Not wanting to be pedantic but we programmers must always remember that there is a huge difference between unicode and UTF-8 (which is one "unicode encoding" of many). IIRC, UTF-8 contains the 0x10FFFF limit just mentioned and that is what Johnny was referring to.

There are internationalization routines built into OpenVMS which can do character conversions as well as timezone stuff (something else which was tacked onto OpenVMS rather than having builtin support) but I have found them woefully inadequate. Check out this Internationalizational demo:
http://www3.sympatico.ca/n.rieck/demo_vms_html/internationalization_demo_101_c.html

What is worse is this: in the OpenVMS world you will find many instances of people storing ASCII, ISO-8859-1, and Windows-1252 (sometimes called ANSI; it implements 32 more characters than ISO-8859-1; the Euro symbol first springs to mind). This all works properly until you start programming for browsers or email. In fact, you might think things are working properly for years until you try to run the stuff through an XML parser which will stop dead in its tracks whenever you declare UTF-8 like this
<?xml version="1.0" encoding="UTF-8"?>
but send any unencoded 8-bit data from ISO-8859-1 or Windows-1252.

p.s. note that XML properly calls this "encoding" but HTML refers to this as "chrset" which can be misleading. BTW, whenever any popular browser encounters an ISO-8859 declaration it pretends it saw Windows-1252. 

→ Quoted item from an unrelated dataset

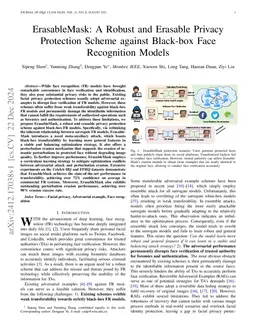 ErasableMask: A Robust and Erasable Privacy Protection Scheme against Black-box Face Recognition Models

Back to Internationalization routines: many programmers rely upon their own functions to first convert from ISO+Windows to Unicode then convert again to UTF-8 before transmission which is what I had to do here:

http://www3.sympatico.ca/n.rieck/demo_vms_html/openvms_demo_index.html#utf-8

Of course you have to reverse every thing whenever you wish to store single byte data

Neil Rieck
Waterloo, Ontario, Canada.